Bully1alamy_2225842bMy son happened to mention to me one day in 4th grade, that a friend of his was always telling him what to do. Eventually this friend began threatening him when he didn’t do what he wanted. One day the friend told my son he was going to shoot him, and showed him some bullets that he had. Eventually the friend began to get physical with him. I say “friend” because it was a little boy that I actually let him visit and play with after school. I began giving my son “permission” to fight back. It’s a little trickier dealing with psychological abuse, but when someone starts to hit you, you have the right to defend yourself. I told my son that if someone hits first, you have the right to hit back. My son was afraid of going to the principle’s office. I told him that if he gets sent there, that I would be right there defending him (he would not get in trouble with me). It gave my son the confidence he needed. I also told him that if you stick up for yourself just one time, in front of everyone, no one would bother you again! It worked. One kick in the chins, and no one bothered him again. In fact, he began sticking up for other kids!

Most of the time bullying scenarios don’t turn out this way, and not every parent will encourage their child to fight. I happened to know the child, and his older sibling situation well enough to lead my son in this direction. Most of the time parents aren’t even aware of what’s going on.

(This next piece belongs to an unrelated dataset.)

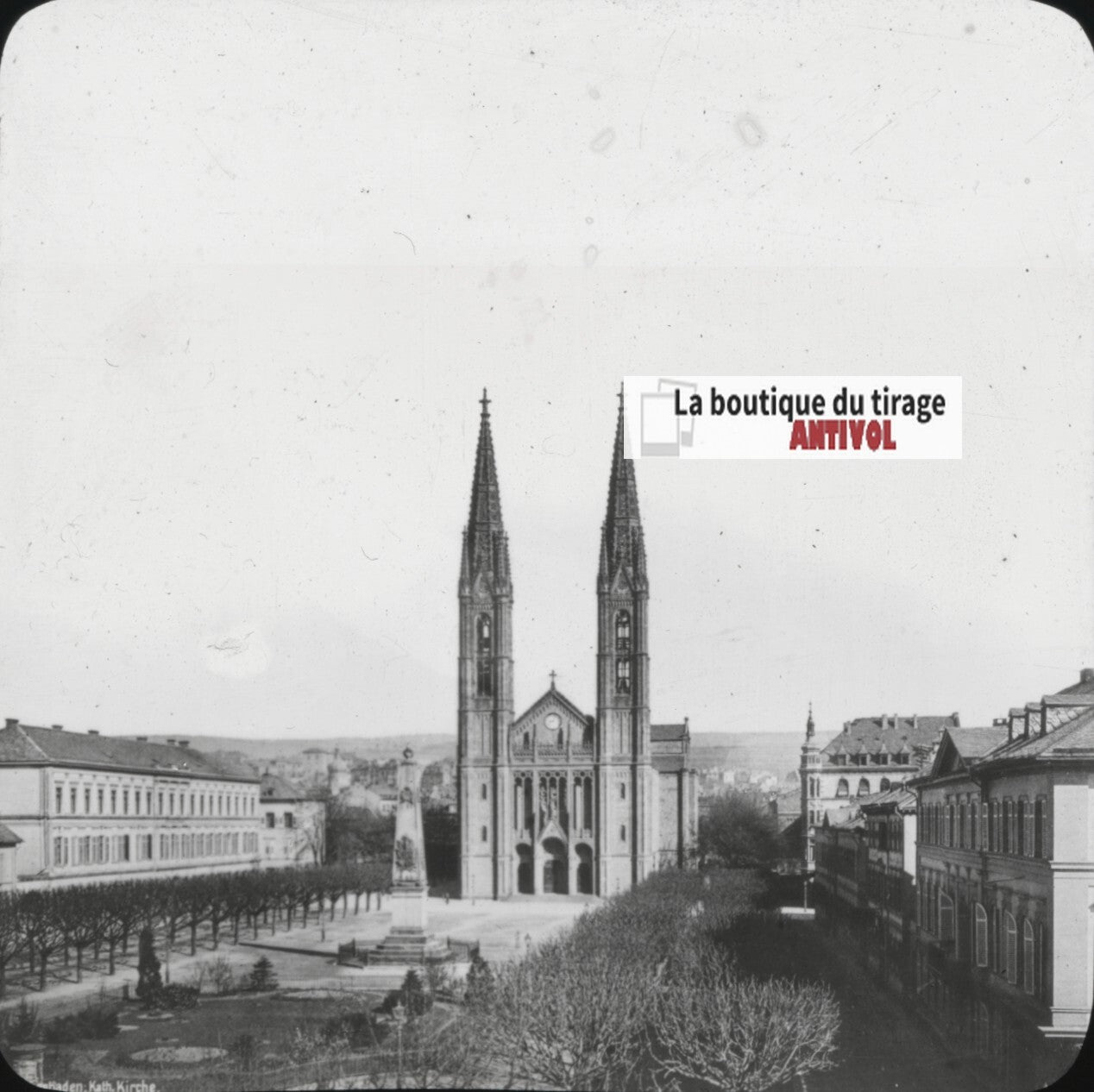 Église Saint-Boniface de Wiesbaden, photo plaque verre, positif 8,5x10 cm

Bullying is unwanted, aggressive behavior among school aged children that involves a real or perceived power imbalance. The behavior is repeated, or has the potential to be repeated, over time. Bullying includes actions such as making threats, spreading rumors, attacking someone physically or verbally, and excluding someone from a group on purpose. (stopbullying.gov)

October is Cyber Security Awareness month.
It’s a time to promote online safety awareness among all Americans and reinforce the simple measures everyone should take to be safer and more secure online and to understand that cybersecurity is a shared responsibility amongst us all. In the last few years, we’ve seen an overwhelming increase in bullying due to the internet, but bullying is not new. Everyday 1 out 4 kids are bullied, and the numbers are rapidly growing for Cyberbullying. Cyberbullying is bullying that takes place using electronic technology. Examples of cyberbullying include mean text messages or emails, rumors sent by email or posted on social networking sites, and embarrassing pictures, videos, websites, or fake profiles.

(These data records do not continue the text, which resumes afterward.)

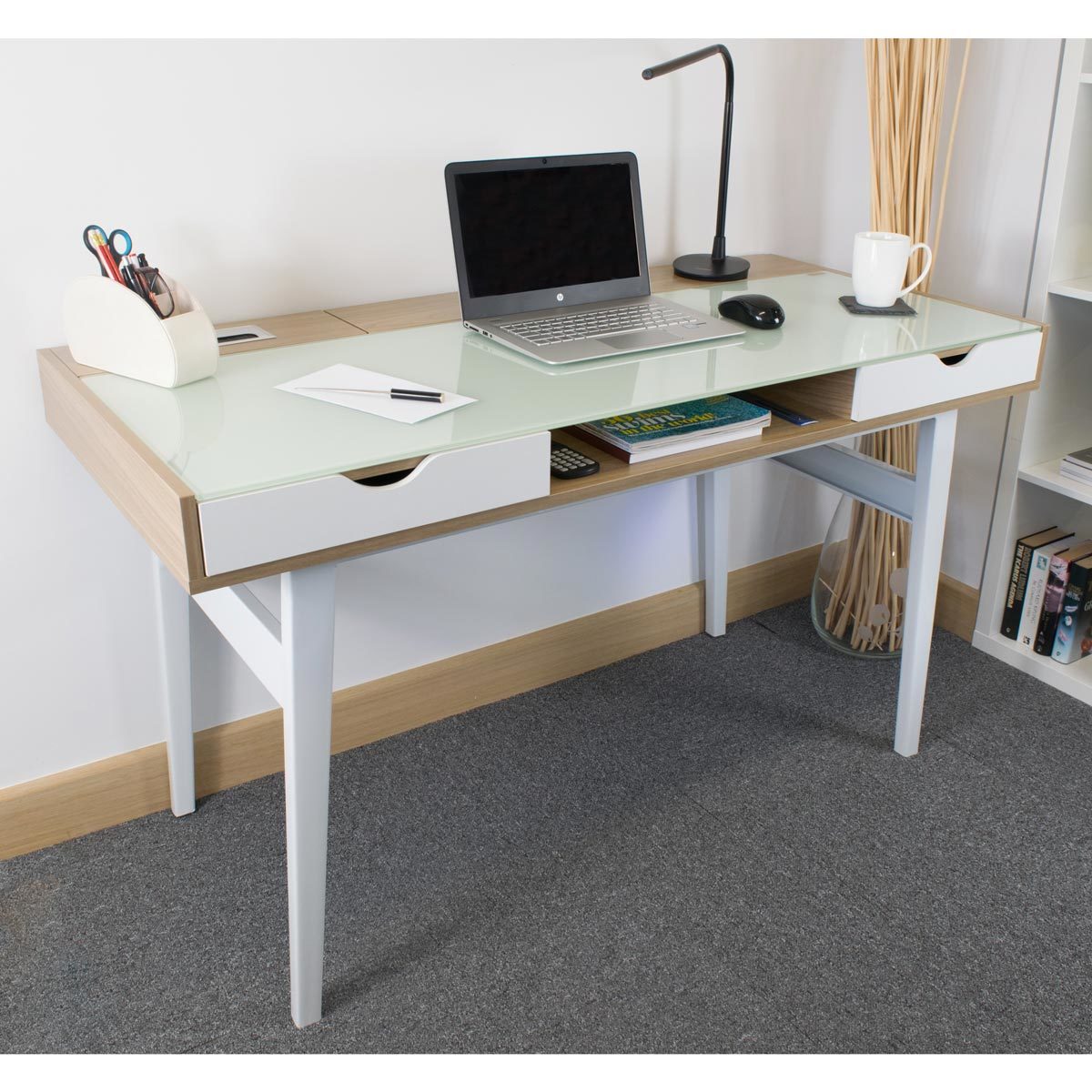 Accord Concept Ced 302 Freestanding Wood Desk With Glass Top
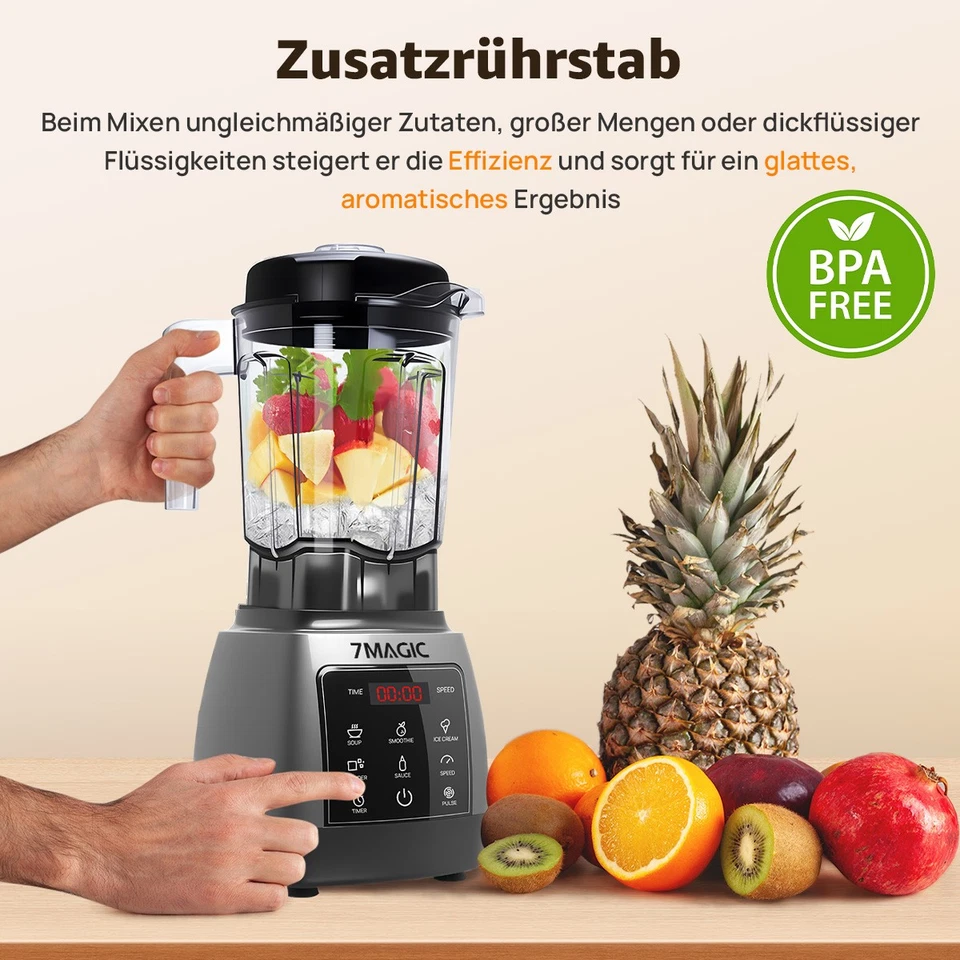 2L Stand Mixer High Performance Blender 2000W Ice Crusher Stand Blender Smoothie Maker - Image 3 of 4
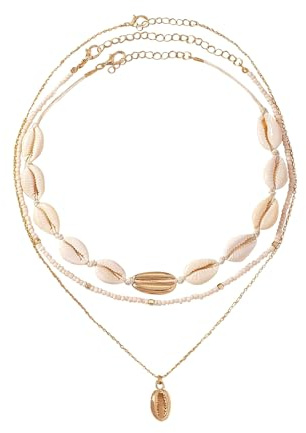Integrity.1 Boho Muschelkette, Muschelkette Damen Sommer Schmuck Natural Shell Choker Halskette, Natural Shell Choker Halskette, für Hawaii Kostüm Accessoires, Hawaii Party Deko, Festival Zubehör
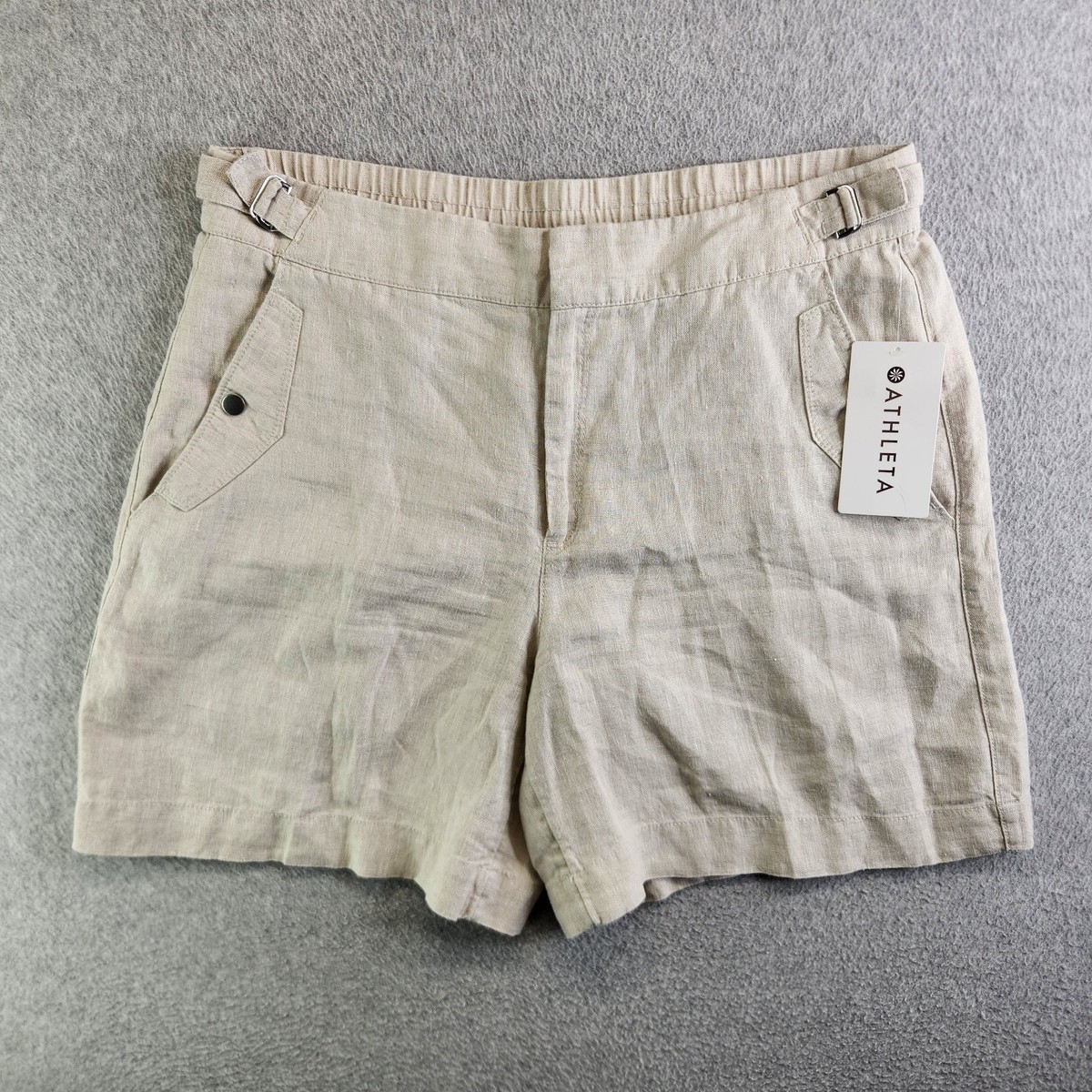 Athleta Shorts Womens 16 Beige Voyager Linen Bermuda High Rise Old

Here are some harrowing statistics:

  • 77% of students are bullied mentally, verbally, & physically. Cyberbullying statistics are rapidly approaching similar numbers, with 43% experiencing cyberbullying.
  • Of the 77% of students that said they had been bullied, 14% of those who were bullied said they experienced severe (bad) reactions to the abuse.
  • 1 in 5 students admit to being a bully, or doing some “Bullying.”
  • Each day 160,000 students miss school for fear of being bullied.
  • 43% of kids fear harassment in the bathroom at school.
  • 100,000 students carry a gun to school. (Unbelievable!)

You can help support this month’s awareness and prevent Cyberbullying by taking these simple steps with your children:

  • Know the sites your kids visit and their online activities. Ask where they’re going, what they’re doing, and who they’re doing it with. Keep the computer in a public area.
  • Tell your kids that as a responsible parent you may review their online communications if you think there is reason for concern.
  • Have a sense of what they do online and in texts. Learn about the sites they like. Try out the devices they use.
  • Ask for their passwords, and keep them accountable by telling them that although you respect their privacy, you have the right to check their computer or device at anytime.
  • Ask to “friend” or “follow” your kids on social media sites or ask another trusted adult to do so.
  • Encourage your kids to tell you immediately if they, or someone they know, is being cyberbullied. Explain to them that confidentiality is of the utmost importance, and will be handled accordingly.